### DATASET SECTION
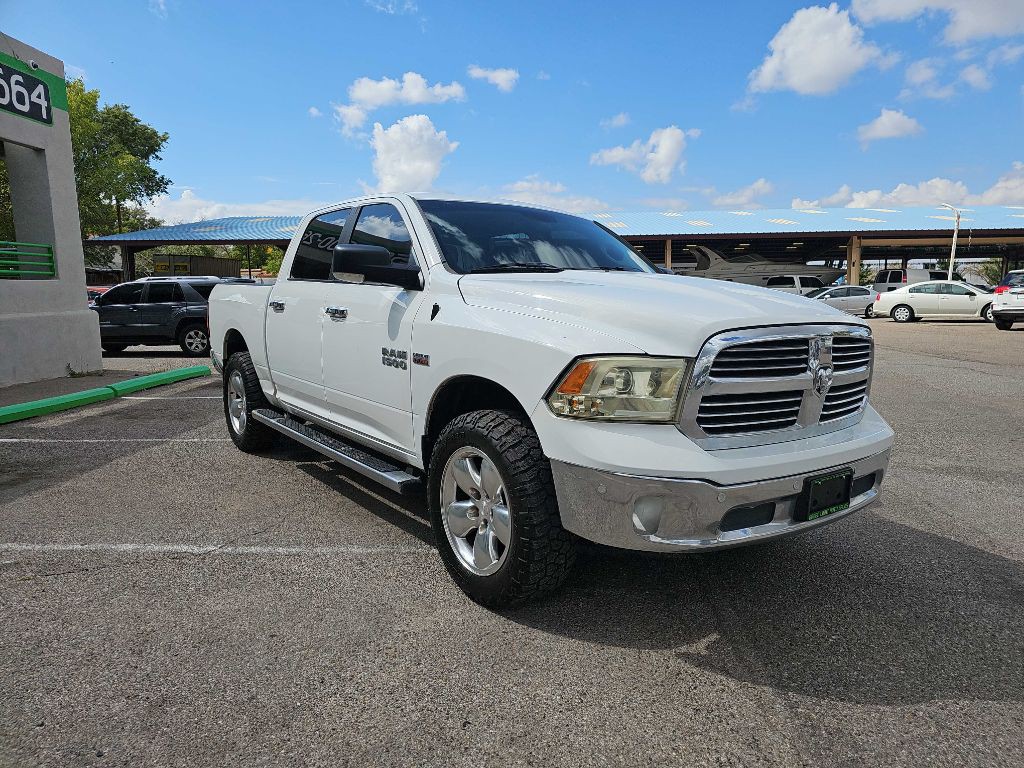 2015 RAM 1500 Image 4
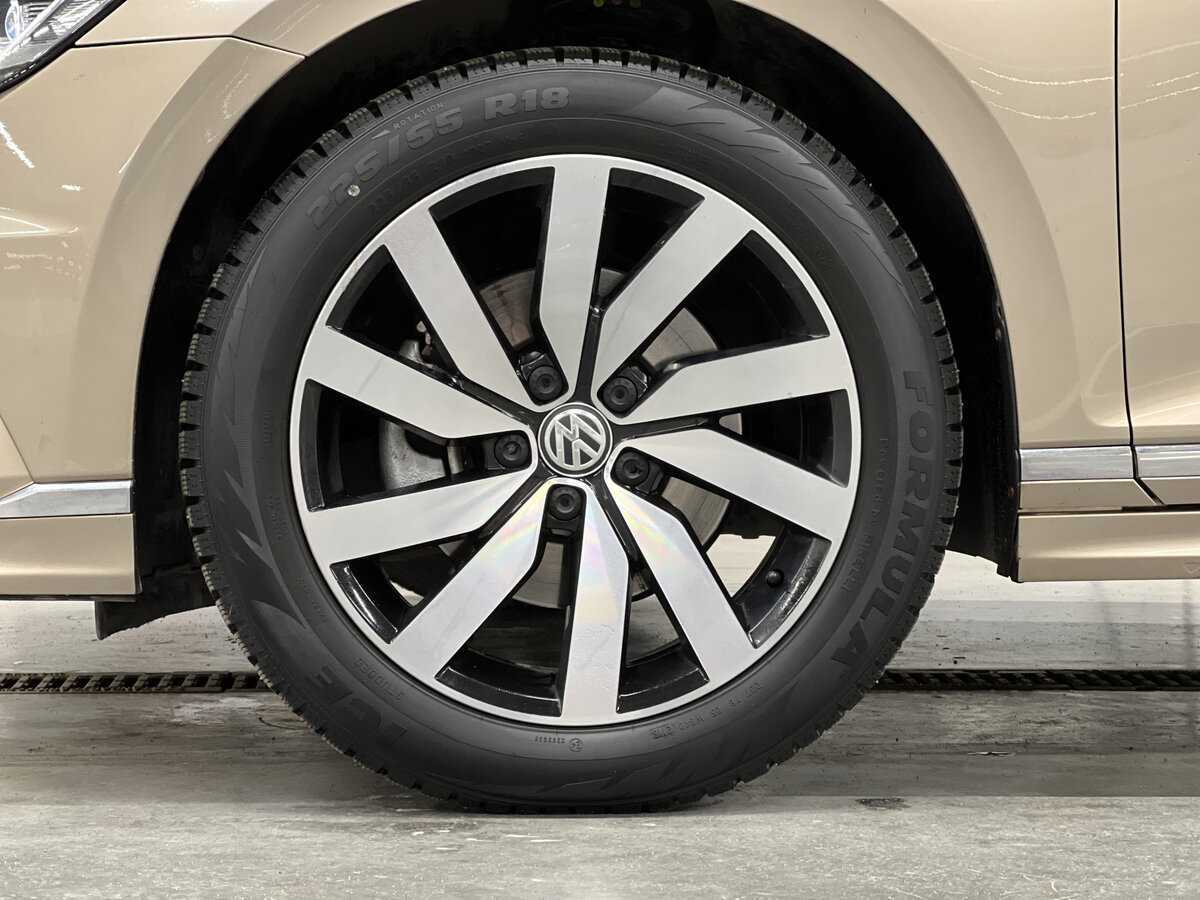 Купить Volkswagen Passat с пробегом. Фото: #17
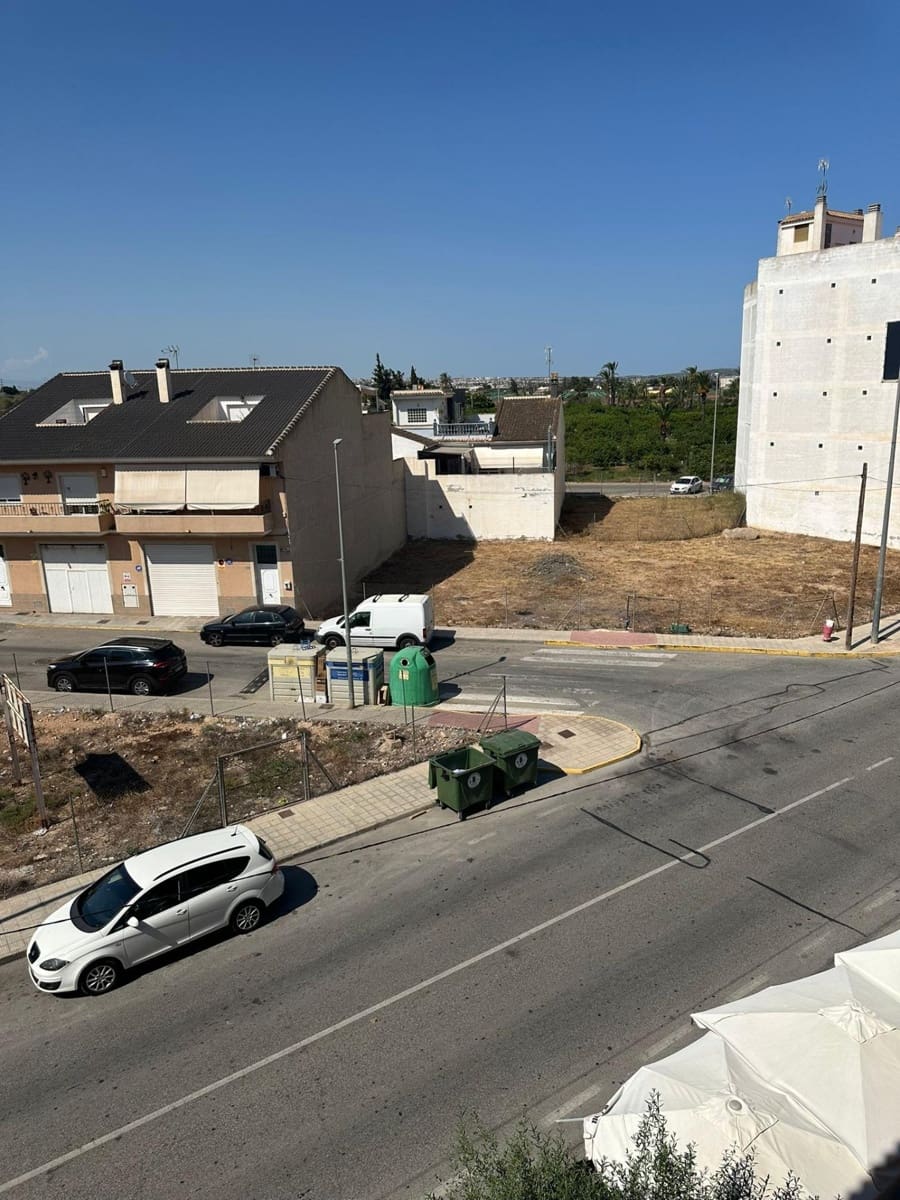 2 slaapkamer Appartement te koop in Los Montesinos - € 130.000 (Ref: 9116004)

### TASK DESCRIPTION
Without the pictures, retype all of the data above exactly.

### RESULT OF THIS EXERCISE
 2015 RAM 1500 Image 4
 Купить Volkswagen Passat с пробегом. Фото: #17
 2 slaapkamer Appartement te koop in Los Montesinos - € 130.000 (Ref: 9116004)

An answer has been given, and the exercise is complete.